Absolutely. And so, Anna, your article finally also mentioned some super useful resources, which was called the Acute Rheumatic Fever, Rheumatic Heart Disease Guideline mobile phone app, as well as the Rheumatic Heart Disease Australia group. What are some useful tips to help health professionals best utilise these resources?

The app is very handy, in my opinion, for a couple of reasons. It summarises the guidelines, but what's really handy is that it's got a diagnostic calculator. With the app you can plug in, is the person considered to be in a risk group? So for instance, do they have a family history? Are they from a geographical area that's considered to be at risk? Are they Aboriginal or Torres Strait Islander or another recognised risk group?
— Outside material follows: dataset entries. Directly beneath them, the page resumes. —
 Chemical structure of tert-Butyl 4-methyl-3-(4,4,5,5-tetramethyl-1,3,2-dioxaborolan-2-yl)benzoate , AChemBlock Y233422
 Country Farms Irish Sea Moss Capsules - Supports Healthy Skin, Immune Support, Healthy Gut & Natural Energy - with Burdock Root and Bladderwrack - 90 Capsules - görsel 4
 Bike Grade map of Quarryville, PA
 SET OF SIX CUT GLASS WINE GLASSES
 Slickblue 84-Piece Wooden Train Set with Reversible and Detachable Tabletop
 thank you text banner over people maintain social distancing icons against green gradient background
So that's the first page and you'd tick yes or no.

That then starts to take you through a whole series of other questions like, is there any chorea, is there any arthritis and so forth. And then at the end it pops out an answer of no ARF, definite ARF, probable ARF. And then the possible one is a bit tricky because it's a bit subjective. You have to think, well, do I think it's the most likely diagnosis or not? And then it will pop out an answer of either probable or possible rheumatic fever. We've evaluated that app and the users report that they really love it compared to having to try to work it out on paper or just to think through it. But don't forget to exclude alternative diagnoses, otherwise you'll end up getting to the end and saying definite ARF when in fact the patient's got something like disseminated gonococcal infection. You do need to remember to exclude those alternative diagnoses.

Well, wonderful. That's been fantastic, Anna. Thank you so much. And that's unfortunately all the time we've got for this episode, so we really appreciate you joining us today, Anna.

No worries, it's a pleasure. Thanks so much for having me on.

[Music]

Anna’s full article is available online. The views of the hosts and guests on the podcast are their own and may not represent Australian Prescriber or NPS MedicineWise. I'm Dhineli Perera and thanks for joining us on the Australian Prescriber Podcast.